O ovo está em todas as mesas do Brasil e também no dia a dia daqueles que sequer têm mesa. Muitos nutrionistas confessam que não há melhor proteína do que aquela que se encontra nele. Dizem até que ajuda na prevenção de doenças como o câncer e enfermidades do coração. Eis uma geração que precisa de nutrientes que combatam esses males, pois, nunca se alimentou tão mal como se alimenta agora. Biscoitos, salgadinhos, finnis, nutelas e uma lista infinita de bobagens coloridas e processadas. Onde foi parar a vitamina de banana com leite de vaca? A papa de aveia? Os bolinhos de feijão com arroz e farinha amassados na mão e que eram servidos em um único recipiente de plástico para bocas distintas.

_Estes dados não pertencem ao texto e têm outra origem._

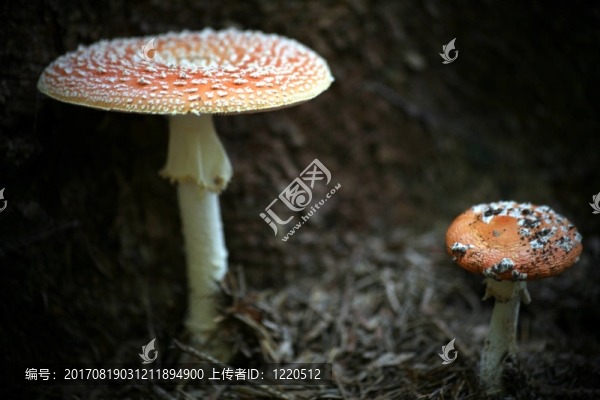 紅白色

Ouvi de uma especialista que, se não bem frito, o ovo pode causar males a saúde . Aquele outro doutor de origem árabe disse que deve ser mantido sobre refrigeração e não deve ser consumido cru ou semi cru. Como ficam as pessoas que viveram antes de 1926, ano que a empresa norte-americana Servel registrou a patente de invenção da geladeira doméstica. A internet só é benéfica até certo ponto. Não dá para acreditar em tudo que se ouve ou em tudo que se diz. Na pré-temporada do campeonato infantil de futebol do SESI o treinador nos obrigava a comê-lo cru, pois segundo ele, ficaríamos fortes como o incrível Hulk. Tínhamos por ali entre 13 a 14 anos de idade.

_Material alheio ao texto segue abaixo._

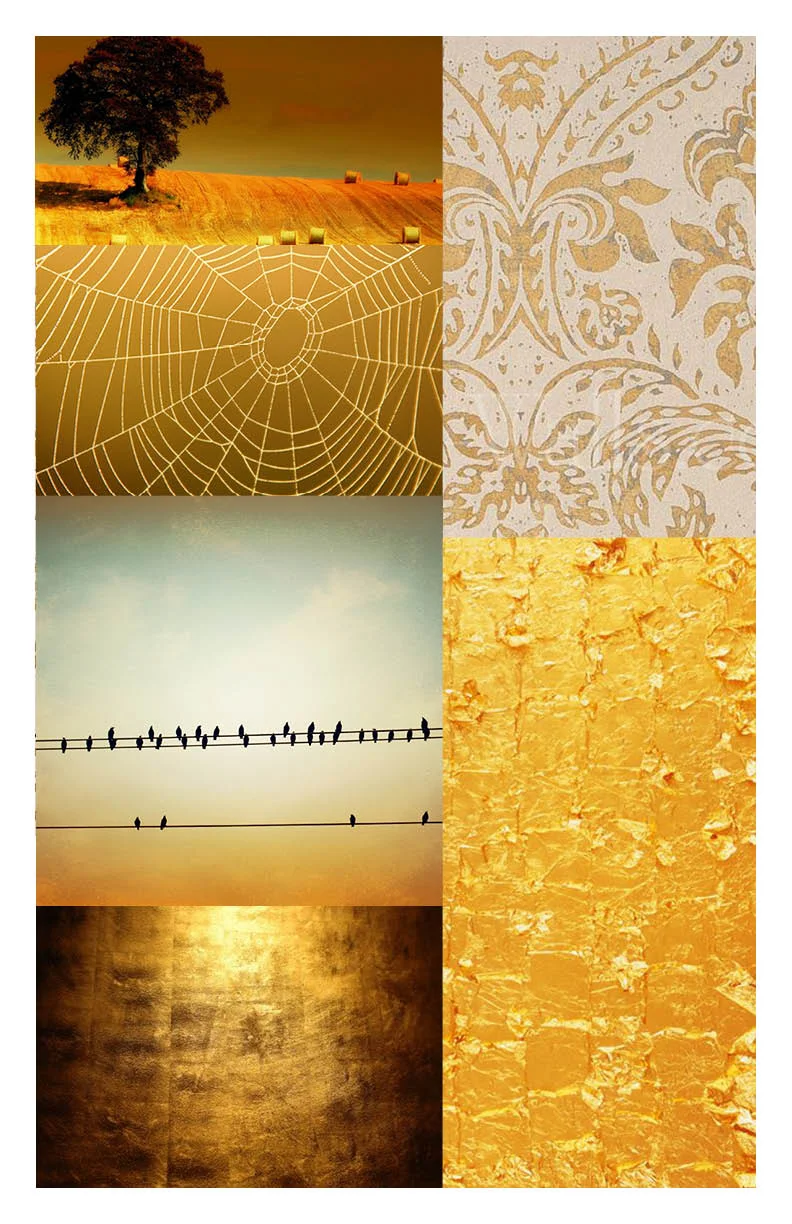 Golden Board.jpg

As sete da manhã a propaganda invade a casa. O timbre artificial da voz do anunciante é único. De fundo, uma trilha sonora que parece ter sido composta pelo anjo rebelde, fideliza a informação. É automatico. As nove, em outra rua, ele surge de novo. As 10, no exame de rotina, a propaganda reaparece. Na hora do almoço; no chá das quatro e na hora do jantar. O carro do ovo é implacavel. De fato, uma aula empírica de propaganda modesta que causa inveja nos goebbels da vida. É quase um culto a personalidade.

 

Crônica – Jeno Oliveira

Maceió, 17 de abril de 24.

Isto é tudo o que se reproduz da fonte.